MAでは、顧客情報やサイト上でのログをまとめたリストの作成、顧客へのメール配信、リード(見込み顧客)の選別、レポーティングなど、さまざまな既存のマーケティング活動を自動化します。これらを自動化するMAを導入すれば、マーケティング部門の人員を、よりクリエイティブな業務の方へ集中させることができます。
DMP(データマネジメントプラットフォーム)
マーケティングで成果を出すためには、集めたデータを適切に分類し、顧客を区分けし、顧客それぞれに対して施策を行い、再びその結果を分析、改善していく必要があります。ここでまず重要になるのが、データの蓄積と分類です。「DMP(データマネジメントプラットフォーム)」は、そんなデータのプラットフォームとして活躍するツールです。
DMPは、主に「オープンDMP」と「プライベートDMP」の2種類に分けられます。これらの違いは以下の通りです。
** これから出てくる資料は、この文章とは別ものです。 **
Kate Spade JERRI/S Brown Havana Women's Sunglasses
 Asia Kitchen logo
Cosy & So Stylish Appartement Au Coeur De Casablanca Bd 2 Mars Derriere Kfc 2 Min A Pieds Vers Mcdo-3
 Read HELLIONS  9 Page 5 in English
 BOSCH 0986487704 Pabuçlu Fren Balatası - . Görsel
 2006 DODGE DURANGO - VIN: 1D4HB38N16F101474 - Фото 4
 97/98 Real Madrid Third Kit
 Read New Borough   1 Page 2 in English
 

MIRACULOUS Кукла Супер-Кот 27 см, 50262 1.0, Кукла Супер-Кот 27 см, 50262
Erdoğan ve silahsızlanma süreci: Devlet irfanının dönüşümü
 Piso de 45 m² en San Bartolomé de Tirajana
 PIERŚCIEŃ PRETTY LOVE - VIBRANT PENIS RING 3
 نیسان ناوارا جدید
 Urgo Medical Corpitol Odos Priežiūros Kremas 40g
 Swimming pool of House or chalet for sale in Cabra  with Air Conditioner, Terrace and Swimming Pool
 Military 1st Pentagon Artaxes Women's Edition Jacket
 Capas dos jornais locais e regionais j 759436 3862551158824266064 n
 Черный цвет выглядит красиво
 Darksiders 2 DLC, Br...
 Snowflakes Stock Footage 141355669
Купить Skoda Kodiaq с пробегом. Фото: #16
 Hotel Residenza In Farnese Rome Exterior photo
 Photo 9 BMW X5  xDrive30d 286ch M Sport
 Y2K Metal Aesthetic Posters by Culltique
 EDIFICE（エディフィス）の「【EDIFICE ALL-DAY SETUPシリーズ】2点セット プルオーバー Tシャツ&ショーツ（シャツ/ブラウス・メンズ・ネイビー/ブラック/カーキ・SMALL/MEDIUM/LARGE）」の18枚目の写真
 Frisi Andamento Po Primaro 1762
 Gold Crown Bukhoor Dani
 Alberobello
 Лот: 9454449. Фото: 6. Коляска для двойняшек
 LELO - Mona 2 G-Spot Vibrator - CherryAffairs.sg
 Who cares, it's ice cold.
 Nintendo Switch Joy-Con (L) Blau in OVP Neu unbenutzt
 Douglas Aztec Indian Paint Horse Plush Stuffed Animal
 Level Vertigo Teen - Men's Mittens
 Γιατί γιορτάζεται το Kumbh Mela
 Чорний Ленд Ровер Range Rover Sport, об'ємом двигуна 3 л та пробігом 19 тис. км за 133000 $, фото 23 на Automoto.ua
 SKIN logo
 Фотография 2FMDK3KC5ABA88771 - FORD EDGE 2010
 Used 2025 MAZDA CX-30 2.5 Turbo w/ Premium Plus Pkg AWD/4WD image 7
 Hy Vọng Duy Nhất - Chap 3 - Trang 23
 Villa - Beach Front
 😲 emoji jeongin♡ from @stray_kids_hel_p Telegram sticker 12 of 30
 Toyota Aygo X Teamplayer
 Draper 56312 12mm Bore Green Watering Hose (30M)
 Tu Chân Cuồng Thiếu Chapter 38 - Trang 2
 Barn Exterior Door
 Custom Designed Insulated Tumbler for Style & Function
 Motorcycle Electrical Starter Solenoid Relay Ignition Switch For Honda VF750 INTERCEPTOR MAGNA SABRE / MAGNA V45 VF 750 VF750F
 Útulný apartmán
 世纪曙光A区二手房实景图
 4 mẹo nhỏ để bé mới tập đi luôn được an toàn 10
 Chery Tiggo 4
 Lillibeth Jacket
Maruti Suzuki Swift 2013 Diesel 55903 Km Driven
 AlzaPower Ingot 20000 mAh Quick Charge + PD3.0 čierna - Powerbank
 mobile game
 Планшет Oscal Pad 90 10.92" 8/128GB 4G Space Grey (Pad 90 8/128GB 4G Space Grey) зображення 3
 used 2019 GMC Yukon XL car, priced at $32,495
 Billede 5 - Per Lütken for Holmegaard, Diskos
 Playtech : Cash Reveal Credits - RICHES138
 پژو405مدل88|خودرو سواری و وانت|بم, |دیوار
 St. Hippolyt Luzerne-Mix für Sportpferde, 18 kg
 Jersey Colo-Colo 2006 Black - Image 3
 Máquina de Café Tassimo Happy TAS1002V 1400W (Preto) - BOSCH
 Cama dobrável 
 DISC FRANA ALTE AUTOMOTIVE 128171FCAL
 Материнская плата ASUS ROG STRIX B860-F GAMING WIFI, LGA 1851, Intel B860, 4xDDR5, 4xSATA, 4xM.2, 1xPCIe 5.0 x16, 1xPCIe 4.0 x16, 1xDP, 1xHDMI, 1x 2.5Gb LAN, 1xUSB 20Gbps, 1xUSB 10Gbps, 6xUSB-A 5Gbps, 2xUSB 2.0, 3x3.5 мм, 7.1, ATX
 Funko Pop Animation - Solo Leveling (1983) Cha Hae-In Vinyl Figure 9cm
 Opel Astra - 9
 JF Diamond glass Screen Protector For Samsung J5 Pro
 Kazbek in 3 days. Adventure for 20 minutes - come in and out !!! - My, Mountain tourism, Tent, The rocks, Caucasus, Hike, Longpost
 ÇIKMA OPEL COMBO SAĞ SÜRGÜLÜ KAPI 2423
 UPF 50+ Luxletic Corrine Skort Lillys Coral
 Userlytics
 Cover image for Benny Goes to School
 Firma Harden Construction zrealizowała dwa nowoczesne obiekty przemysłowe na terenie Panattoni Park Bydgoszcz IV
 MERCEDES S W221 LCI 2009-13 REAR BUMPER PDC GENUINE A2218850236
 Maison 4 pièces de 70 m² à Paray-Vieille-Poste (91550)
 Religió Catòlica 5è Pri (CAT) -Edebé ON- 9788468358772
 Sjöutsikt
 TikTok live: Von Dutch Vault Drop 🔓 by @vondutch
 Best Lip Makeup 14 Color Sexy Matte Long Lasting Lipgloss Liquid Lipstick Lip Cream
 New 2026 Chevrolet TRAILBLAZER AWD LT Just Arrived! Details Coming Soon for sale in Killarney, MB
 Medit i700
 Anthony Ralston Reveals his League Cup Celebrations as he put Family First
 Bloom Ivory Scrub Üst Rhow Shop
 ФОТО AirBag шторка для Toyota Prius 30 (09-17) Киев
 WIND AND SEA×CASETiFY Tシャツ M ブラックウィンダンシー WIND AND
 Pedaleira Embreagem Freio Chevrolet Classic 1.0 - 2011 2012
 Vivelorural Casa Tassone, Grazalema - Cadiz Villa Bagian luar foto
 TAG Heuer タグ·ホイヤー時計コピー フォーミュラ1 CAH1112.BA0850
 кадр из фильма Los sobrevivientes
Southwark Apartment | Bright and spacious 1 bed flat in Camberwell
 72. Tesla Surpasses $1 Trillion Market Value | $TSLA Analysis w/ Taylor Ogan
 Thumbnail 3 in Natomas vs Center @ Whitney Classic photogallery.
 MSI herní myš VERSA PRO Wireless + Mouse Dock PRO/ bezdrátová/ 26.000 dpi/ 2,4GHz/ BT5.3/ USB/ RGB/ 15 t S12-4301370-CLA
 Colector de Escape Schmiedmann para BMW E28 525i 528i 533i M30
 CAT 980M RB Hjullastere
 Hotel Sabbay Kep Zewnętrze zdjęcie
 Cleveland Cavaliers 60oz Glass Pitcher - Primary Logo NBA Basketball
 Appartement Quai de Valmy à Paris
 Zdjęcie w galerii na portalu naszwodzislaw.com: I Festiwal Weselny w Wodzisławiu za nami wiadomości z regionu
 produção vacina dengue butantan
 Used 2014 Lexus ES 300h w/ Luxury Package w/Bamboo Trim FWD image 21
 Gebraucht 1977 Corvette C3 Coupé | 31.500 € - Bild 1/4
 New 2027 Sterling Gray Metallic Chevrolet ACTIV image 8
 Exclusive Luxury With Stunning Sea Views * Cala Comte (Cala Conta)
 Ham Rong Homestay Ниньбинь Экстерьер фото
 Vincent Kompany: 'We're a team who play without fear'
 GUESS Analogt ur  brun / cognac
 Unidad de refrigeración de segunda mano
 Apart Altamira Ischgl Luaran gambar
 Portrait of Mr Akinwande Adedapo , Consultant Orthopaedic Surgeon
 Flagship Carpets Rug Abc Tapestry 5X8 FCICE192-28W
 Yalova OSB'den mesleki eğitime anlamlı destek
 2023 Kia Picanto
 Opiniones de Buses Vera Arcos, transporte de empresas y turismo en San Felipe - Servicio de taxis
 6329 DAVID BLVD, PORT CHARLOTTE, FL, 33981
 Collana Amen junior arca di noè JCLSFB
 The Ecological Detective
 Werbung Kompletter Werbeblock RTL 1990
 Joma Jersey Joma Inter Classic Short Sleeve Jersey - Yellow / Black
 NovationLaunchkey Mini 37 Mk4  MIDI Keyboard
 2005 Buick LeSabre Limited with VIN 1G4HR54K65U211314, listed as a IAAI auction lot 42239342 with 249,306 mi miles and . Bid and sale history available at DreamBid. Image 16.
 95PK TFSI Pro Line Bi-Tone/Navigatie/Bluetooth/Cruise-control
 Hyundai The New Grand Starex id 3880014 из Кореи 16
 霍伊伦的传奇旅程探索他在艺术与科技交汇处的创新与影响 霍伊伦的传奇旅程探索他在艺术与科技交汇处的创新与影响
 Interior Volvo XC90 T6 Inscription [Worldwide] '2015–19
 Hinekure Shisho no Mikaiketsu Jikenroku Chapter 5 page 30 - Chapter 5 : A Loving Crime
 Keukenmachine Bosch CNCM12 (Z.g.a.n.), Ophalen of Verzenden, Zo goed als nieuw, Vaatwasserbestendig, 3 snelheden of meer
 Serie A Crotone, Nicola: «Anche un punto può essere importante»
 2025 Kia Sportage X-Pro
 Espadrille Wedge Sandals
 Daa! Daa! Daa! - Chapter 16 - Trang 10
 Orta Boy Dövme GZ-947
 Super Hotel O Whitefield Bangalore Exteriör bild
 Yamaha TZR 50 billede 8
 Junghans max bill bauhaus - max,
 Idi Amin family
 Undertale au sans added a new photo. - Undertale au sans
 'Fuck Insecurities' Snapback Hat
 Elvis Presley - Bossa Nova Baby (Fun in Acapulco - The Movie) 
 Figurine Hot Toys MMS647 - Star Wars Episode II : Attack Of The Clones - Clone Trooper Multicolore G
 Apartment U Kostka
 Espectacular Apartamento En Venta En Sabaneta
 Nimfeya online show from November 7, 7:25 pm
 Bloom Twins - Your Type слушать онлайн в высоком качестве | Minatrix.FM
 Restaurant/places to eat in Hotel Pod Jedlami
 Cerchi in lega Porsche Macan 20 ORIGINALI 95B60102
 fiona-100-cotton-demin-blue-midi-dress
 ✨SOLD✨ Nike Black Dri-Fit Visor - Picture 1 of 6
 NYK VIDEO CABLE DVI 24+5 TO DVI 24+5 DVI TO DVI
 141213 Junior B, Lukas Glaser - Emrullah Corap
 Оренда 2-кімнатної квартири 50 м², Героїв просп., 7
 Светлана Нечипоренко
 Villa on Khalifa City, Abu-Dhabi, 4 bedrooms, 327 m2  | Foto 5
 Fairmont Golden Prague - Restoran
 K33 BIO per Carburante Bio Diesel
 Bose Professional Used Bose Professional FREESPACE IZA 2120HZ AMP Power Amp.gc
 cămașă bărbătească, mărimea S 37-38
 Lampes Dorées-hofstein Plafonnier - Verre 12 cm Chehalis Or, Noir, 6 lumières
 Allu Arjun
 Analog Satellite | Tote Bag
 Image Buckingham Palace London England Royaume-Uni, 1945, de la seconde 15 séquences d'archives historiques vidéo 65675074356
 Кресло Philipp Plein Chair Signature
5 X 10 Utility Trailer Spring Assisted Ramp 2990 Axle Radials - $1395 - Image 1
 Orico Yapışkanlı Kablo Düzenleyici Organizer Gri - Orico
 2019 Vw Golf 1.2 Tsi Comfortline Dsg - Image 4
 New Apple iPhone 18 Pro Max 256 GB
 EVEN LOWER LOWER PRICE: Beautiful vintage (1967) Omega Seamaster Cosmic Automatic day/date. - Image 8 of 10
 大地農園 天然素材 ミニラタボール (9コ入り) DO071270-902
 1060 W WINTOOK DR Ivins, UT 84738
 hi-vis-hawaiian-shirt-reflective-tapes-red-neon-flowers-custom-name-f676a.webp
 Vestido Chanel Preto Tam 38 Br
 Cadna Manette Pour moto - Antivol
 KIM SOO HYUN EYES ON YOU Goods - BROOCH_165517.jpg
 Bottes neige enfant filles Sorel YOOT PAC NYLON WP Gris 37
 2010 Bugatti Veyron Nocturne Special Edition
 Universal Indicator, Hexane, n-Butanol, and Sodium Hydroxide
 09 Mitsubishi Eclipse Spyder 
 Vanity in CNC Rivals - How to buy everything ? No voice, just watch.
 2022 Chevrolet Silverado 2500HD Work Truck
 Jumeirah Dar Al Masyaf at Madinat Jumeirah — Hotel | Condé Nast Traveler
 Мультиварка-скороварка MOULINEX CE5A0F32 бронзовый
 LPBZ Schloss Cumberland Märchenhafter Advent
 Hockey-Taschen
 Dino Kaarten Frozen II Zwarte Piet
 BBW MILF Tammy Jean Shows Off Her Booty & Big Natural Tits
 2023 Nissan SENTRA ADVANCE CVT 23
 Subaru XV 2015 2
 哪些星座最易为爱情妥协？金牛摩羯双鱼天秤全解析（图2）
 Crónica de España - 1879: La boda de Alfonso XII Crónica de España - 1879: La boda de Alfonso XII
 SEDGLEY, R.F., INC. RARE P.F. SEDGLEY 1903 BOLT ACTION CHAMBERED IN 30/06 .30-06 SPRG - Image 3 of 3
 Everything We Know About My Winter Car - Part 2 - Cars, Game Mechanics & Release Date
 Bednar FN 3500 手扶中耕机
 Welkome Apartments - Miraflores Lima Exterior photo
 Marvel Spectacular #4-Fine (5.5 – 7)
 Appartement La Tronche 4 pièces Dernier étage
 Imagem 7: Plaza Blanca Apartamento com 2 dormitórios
- オープンDMP:データ提供企業がさまざまな企業から収集した膨大なデータを管理する基盤
- プライベートDMP:自社が独自に収集したデータを管理する基盤
また、これら2つを組み合わせた「ハイブリッド型DMP」も登場しています。
CRM(カスタマーリレーションシップマネジメント)
デジタルマーケティングにおいて、顧客情報の分析・管理は欠かせません。そこで多くの企業で導入しているツールが、「CRM(カスタマーリレーションシップマネジメント)」です。CRMとは、顧客と良好な関係を構築することに重きを置いたツールのことをいいます。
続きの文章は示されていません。